Chromatic horn by Antoine Halary as depicted in Joseph Meifred's Méthod pour le  Cor Chromatique ou à Pistons (1840)

In these works he gives great insight into the aesthetics of his approach setting out his "rules":


This means that Meifred proposed using valves to:

1. To restore to the horn the notes it lacks;
2. To improve the intonation of some of its notes;
3. To make the muffled notes sonorous, while retaining those that need only slight stopping, the tone of which is so agreeable;
4. To give all leading notes, whatever the key or mode, the character they have in the natural scale.
5. Lastly, not to deprive composers of crooks, each of which has its own particular tone colour.
Meifred Méthode (translation Reginald Morley-Pegge, The French Horn, p. 109).
The beauty of Meifred's method is that suddenly a whole new world of colours are available to horn players. For our performances of these Berlioz works the horn section decided to use crookable piston horns. The colour of each crook is particular identifiable - it's no accident that Berlioz chooses F major for the "pastorale" third movement of the Symphonie. For the basso crooks we use higher crooks and then use the valves as a crooking system, so, for example, in the Marche au supplice, I use an E flat crook (which works perfectly for the bit where Berlioz requires valves) and put all three valves down and use hand technique for the other "natural horn" passages which makes the horn in to a B flat basso instrument. (NB to anyone reading this in detail and wondering about this, E flat and 1st and 3rd valve should be sufficient but not quite on my instrument, hence all three valves). Then, on top of this we've been experimenting with various "effects" such as all of the horn section using hand stopping for the final bars of the first movement, I. Rèveries - Passions of the Symphonie.

The introduction of the valve was a very interesting development in the history of the horn. Like a number of other inventions, it didn't suddenly pop up over night. It was accepted in fits and starts and evolved in different ways in different countries. France, with it's superstar natural horn players were very sniffy about the new instrument and felt it potentially would loose the colours and effects that they held dear. Meifred's approach, combining the best of both instruments, offers a fascinating world for horn players to explore. Best of all, to my mind, the potential interpretations using his ideas are pretty endless, it feels like some sort of "choose your own adventure" story where you're constantly faced with decisions and artistic choices which is wonderfully fun!

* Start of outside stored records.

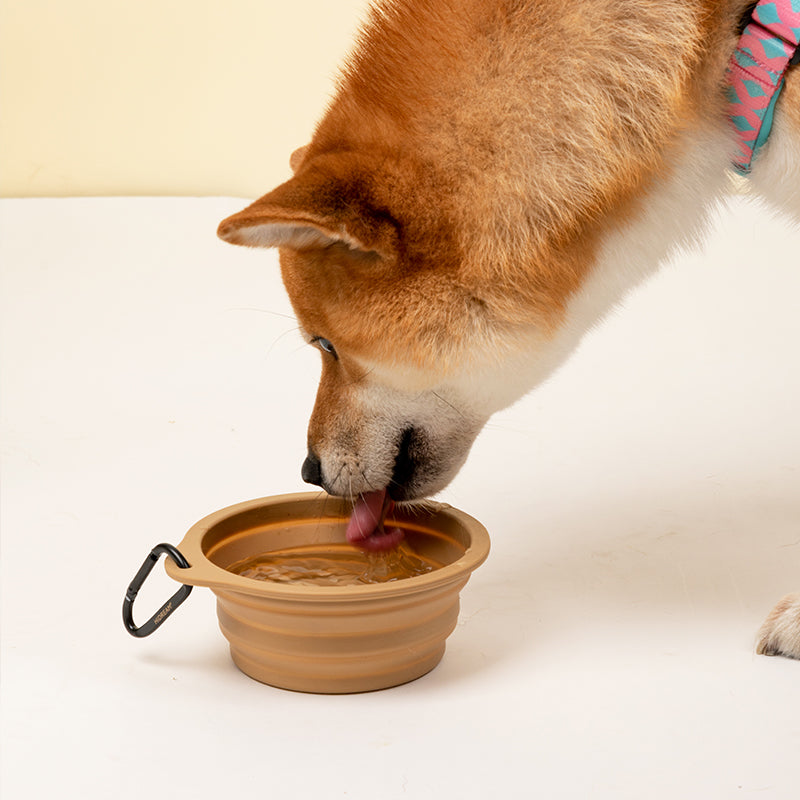 Food-grade silicone Collapsible Trave Pet Bowls - PetPark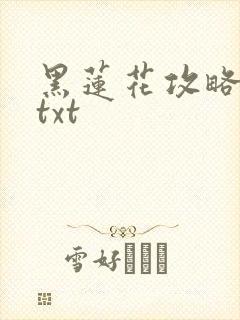 黑莲花攻略手册txt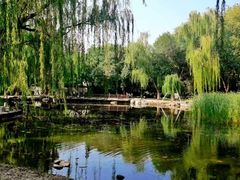 -玲珑塔公园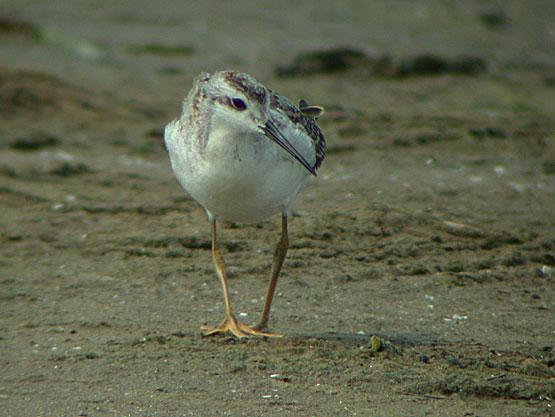 Phalarope de Wilson Phalarope de Wilson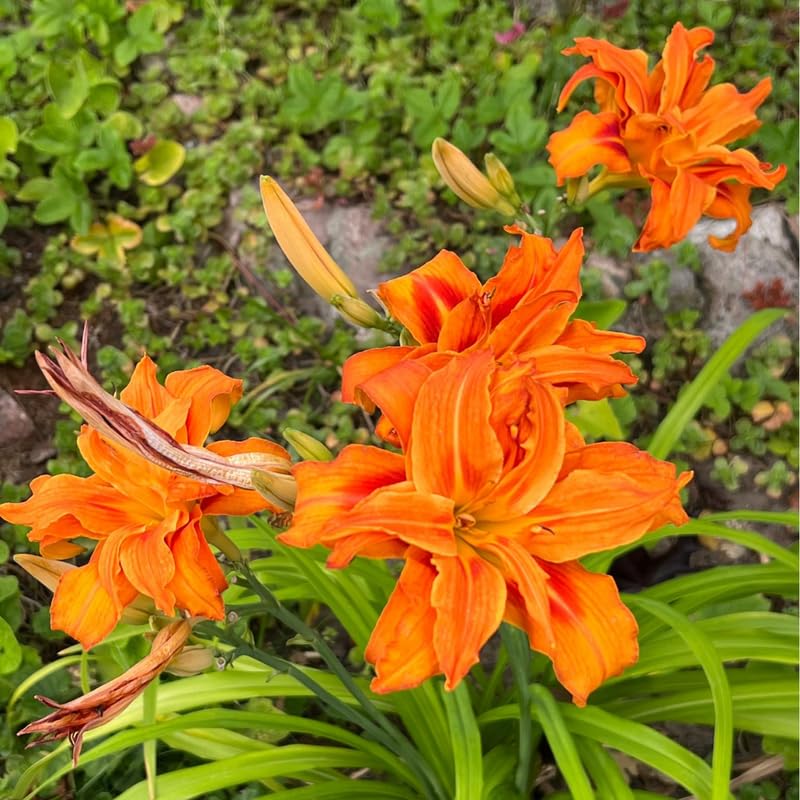 Pack 10 Daylily Bulbs for Planting Spring, Fast Blooming Hardy Perennial Lily Bare Roots for Outdoor Growing (Double Orange Day Lily)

Back row: Chris Larkin and Martin Lawrence
Front row: Sue Dent, Anneke Scott and Joseph Walters.
Photo courtesy of Andrew McGregor, BBC Radio 3.


For this project the section used the following instruments:
Anneke Scott: M.A.Raoux natural horn (c. 1862) with later (1918) Boosey detachable valve block crooked into F, E and E flat.
Joseph Walters: Hawkes piston horn crooked into F, E and E flat. (c. 1914)
Christopher Larkin: Raoux Milleraux piston horn crooked into F and E flat. (c. 1879-1911).
Martin Lawrence: Hawkes piston horn (with detachable valve block) crooked into F and E flat. (c. 1914)
Sue Dent: Hawkes and Sons piston horn (with detachable valve block) crooked into F, E and E flat. (c. 1920).